To facilitate the discussion, we use the notation $\mathcal{N}(\mu,\sigma^2)$ to denote the normal distribution with mean $\mu$ and variance $\sigma^2$. Whenever the random variable $X$ follows such as distribution, we use the notation $X \sim \mathcal{N}(\mu,\sigma^2)$.

The setting for making inference on one population is that we have a random sample $Y_1,Y_2,\cdots,Y_n$, drawn from a normal population $\mathcal{N}(\mu,\sigma^2)$. The sample mean $\overline{Y}$ and the sample variance $S^2$ are unbiased estimators of $\mu$ and $\sigma^2$, respectively, given by:

$\displaystyle \overline{Y}=\frac{Y_1+\cdots+Y_n}{n}=\frac{1}{n} \sum \limits_{j=1}^n Y_j \ \ \ \ \ \ \ \ \ \ \ \ \ \ \ \ \ \ \ \ \ \ \ \ \ \ \ \ \ \ \ \ \ \ \ \ \ \ \ (1)$

$\displaystyle S^2=\frac{1}{n-1} \sum \limits_{j=1}^n (Y_j-\overline{Y})^2 \ \ \ \ \ \ \ \ \ \ \ \ \ \ \ \ \ \ \ \ \ \ \ \ \ \ \ \ \ \ \ \ \ \ \ \ \ \ \ \ \ \ \ \ \ (2)$

The goal is to use the information obtained from the sample, namely $\overline{Y}$ and $S^2$, to estimate or make decisions about the unknown population parameters $\mu$ and $\sigma^2$.

Because the sample is drawn from a normal population, the sample $\overline{Y}$ has a normal distribution, more specifically $\overline{Y} \sim \mathcal{N}(\mu,\frac{\sigma^2}{n})$, which has two unknown parameters.
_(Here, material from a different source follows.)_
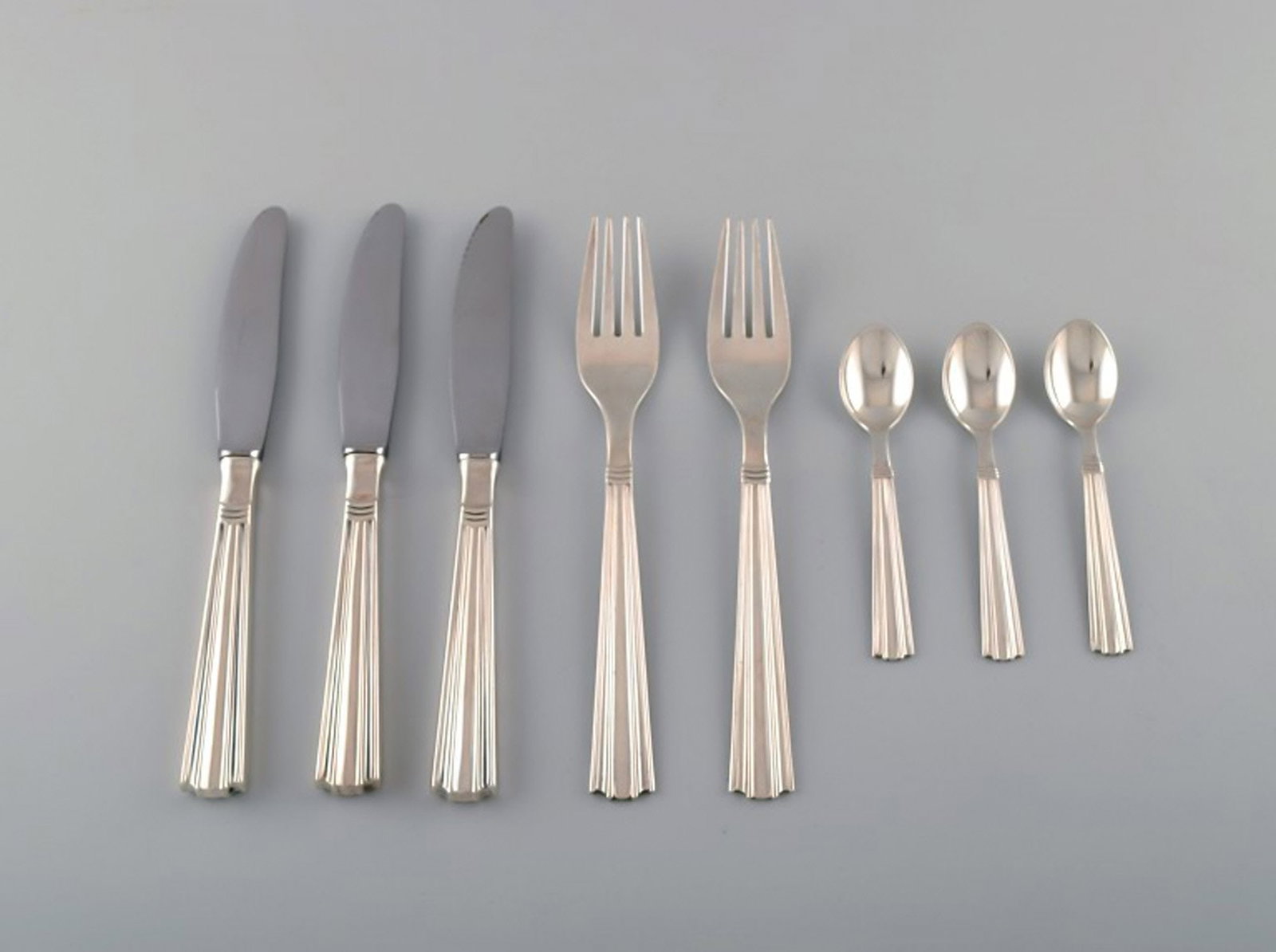 French Art deco dinner service in plated silver. Consisting of dinner knives, dinner forks and: Title:French Art deco dinner service in plated silver. Consisting of dinner knives, dinner forks and coffee spoons. Description:French Art deco dinner service in plated silver. Consisting of dinner kn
To perform inferential procedures on the population mean $\mu$, it is preferable to have a test statistic that depends on $\mu$ only. To this end, a t-statistic is used (see Theorem 7), which has the t-distribution with $n-1$ degrees of freedom (one less than the sample size). Because the parameter $\sigma^2$ is replaced by the sample variance $S^2$, the t-statistic has only $\mu$ as the unknown parameter.

On the other hand, to perform inferential procedures on the population variance $\sigma^2$, we use a statistic that has a chi-squared distribution and that has only one unknown parameter $\sigma^2$ (see Theorem 5).

Now, the setting for performing inference on two normal populations. Let $X_1,X_2,\cdots,X_n$ be a random sample drawn from the distribution $\mathcal{N}(\mu_X,\sigma_X^2)$. Let $Y_1,Y_2,\cdots,Y_m$ be a random sample drawn from the distribution $\mathcal{N}(\mu_Y,\sigma_Y^2)$. Because the two samples are independent, the difference of the sample means $\overline{X}-\overline{Y}$ has a normal distribution. Specifically, $\overline{X}-\overline{Y} \sim \mathcal{N}(\mu_X-\mu_Y,\frac{\sigma_X^2}{n}+\frac{\sigma_Y^2}{n})$. Theorem 8 gives a t-statistic that is in terms of the difference $\mu_X-\mu_Y$ such that the two unknown population variances are replaced by the pooled sample variance. This is done with the simplifying assumption that the two population variances are identical.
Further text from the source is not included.